I think I'm having the same issue. I was trying to use async for ... with a function wrapped using backoff. The use case is handling websocket disconnects.

awm33 avatar Aug 03 '21 02:08 awm33

@awm33 - Would the algorithm above have handled it? The problem with re-starting something when the sequence is halfway done is... well... difficult.

gordonwatts avatar Aug 03 '21 09:08 gordonwatts

@gordonwatts I used a wrapper within the wrapper. Here's a condensed version of what I was trying to do:

async def events():
    url = getws_url()
    req_kwargs = {}
    add_auth_header(req_kwargs)
    
    @backoff.on_exception(backoff.expo,
                              (aiohttp.ClientResponseError,
                               aiohttp.ClientConnectorError,
                               aiohttp.WebSocketError,
                               aiohttp.WSCloseCode,
                               DisconnectError))
     async def connect_wrapper():
         async with session.ws_connect(url, **req_kwargs) as ws:
             async for msg in ws:
                    if msg.type == aiohttp.WSMsgType.TEXT:
                        yield msg.json()
                    elif msg.type == aiohttp.WSMsgType.ERROR:
                        break

              if not ws_disconnecting: ## tracks if the disconnect was intended
                    raise DisconnectError()

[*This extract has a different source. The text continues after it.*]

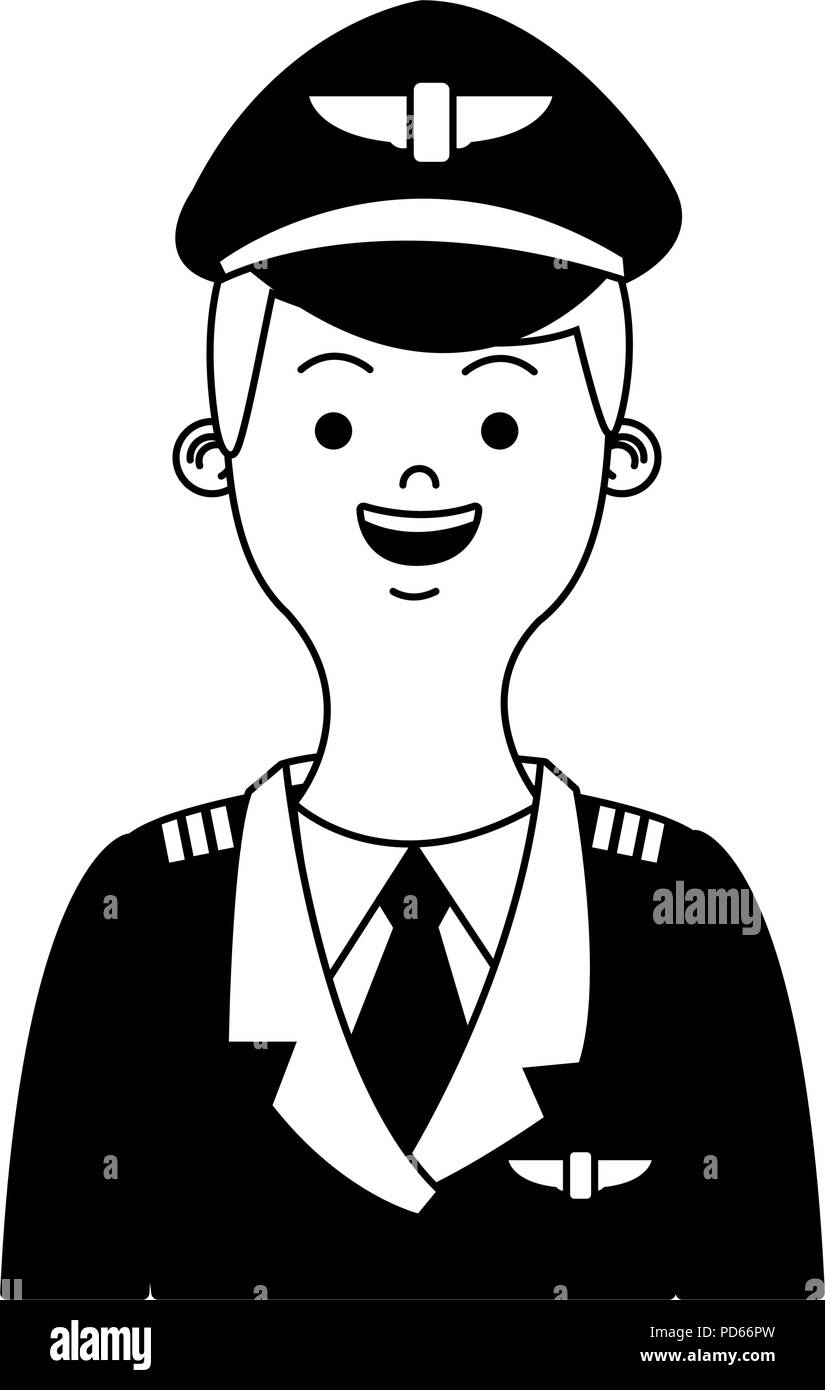 Cartoon Pilot Black and White Stock Photos & Images Alamy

     async for event in connect_wrapper(): # there is no "async yield for ..."
         yield event

Then

async for event in self.events():
    print(event)

awm33 avatar Aug 03 '21 17:08 awm33

Ok - so this looks like it is the same pattern I had - you need to catch and recover from errors that occurred in the ws_connect call. But once messages started returning from the session, then you didn't need to catch errors there.